With so little cash in circulation at the moment, maybe we should be thankful that there are still some people left who are lucky enough to be sleeping on lumpy-bumpy mattresses and who are prepared to extract the odd bundle or two every now and then and spread it around.

Perhaps we should also be grateful that so many are still managing to find work, as even if it is below the radar, it’s still better than sitting back, doing nothing and relying on state handouts.

Most are saying novenas that they will survive until the banks are forced into lending again but are resigned to the fact that, between one thing and the other (Nama, the Lisbon Treaty and the budget), it is unlikely to happen before next spring at the earliest.

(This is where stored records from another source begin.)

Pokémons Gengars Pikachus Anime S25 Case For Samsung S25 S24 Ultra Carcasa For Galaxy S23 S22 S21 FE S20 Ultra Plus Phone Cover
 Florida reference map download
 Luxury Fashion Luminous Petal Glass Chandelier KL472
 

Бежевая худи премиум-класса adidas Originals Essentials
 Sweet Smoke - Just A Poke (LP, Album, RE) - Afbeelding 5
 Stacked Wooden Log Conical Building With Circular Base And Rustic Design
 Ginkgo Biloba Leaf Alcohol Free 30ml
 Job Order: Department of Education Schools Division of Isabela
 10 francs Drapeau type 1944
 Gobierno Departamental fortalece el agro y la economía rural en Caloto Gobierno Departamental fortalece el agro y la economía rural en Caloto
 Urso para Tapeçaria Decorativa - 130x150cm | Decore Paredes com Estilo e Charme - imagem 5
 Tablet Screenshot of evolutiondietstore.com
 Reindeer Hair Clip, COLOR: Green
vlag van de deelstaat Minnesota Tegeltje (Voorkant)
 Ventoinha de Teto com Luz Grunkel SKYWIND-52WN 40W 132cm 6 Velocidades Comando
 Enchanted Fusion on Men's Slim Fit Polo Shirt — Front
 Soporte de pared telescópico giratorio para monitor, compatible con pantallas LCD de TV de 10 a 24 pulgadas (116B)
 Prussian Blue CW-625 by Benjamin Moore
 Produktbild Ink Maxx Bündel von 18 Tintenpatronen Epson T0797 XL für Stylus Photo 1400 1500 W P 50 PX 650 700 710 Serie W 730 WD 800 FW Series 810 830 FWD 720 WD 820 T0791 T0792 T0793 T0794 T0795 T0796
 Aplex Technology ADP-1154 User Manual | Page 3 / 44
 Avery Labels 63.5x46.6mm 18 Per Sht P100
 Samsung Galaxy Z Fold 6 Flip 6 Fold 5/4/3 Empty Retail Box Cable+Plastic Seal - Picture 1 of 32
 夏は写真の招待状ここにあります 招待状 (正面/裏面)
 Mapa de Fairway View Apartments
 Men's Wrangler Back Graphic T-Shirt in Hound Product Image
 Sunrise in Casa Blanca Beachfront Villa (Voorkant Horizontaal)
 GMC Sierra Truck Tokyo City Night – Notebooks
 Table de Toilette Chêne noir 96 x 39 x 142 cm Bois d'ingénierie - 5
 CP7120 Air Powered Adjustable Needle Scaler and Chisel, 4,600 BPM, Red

However, those who are less affected by the downturn are bored waiting for some action and have discreetly begun to get on with living, albeit a very different style of living.

Since trading up is still out of the question for many (banks will not even countenance the notion), cash is being spent on sprucing up existing homes.

However, many demand that all building and renovation work be conducted as discreetly as possible.

Covert operations now take place behind high hedges and electric gates. Clients battle builders about obvious signs of activity, such as security hoardings and signs advertising which architect and builder are on site.

Vans with logos are banned from the driveways and telltale yellow skips are only ordered when sufficient rubble and rubbish has accumulated to fill them completely. They are then removed again as quickly as possible.

One painter/decorator told me that he had recently removed all logos and had his van sprayed a discreet Morgan green. “They don’t want everybody on the road knowing what they’re up to,” he said about his clients, “and it’s all interior work now as nobody wants the front of their place looking too smart these days. Mind you, it suited us fine this summer, with all the rain we’ve had.”

The recession police are out and about. Any sign of activity is queried, questioned and remarked upon. Although, there is now a certain cachet to having a handyman who was, in his former life, a site foreman for a (now bankrupt) property developer.

Indeed, so many people are wistfully looking back on their former lives these days that no doubt we will soon be referring to events as being BR (before recession) and AN (anno Nama).

However, having missed out on so much of the 1980s first time around, I'm throwing myself into its revival with a vengeance and I'm manically sewing in shoulder pads and savagely backcombing my hair while tunelessly humming Abba's Money, Money, Money.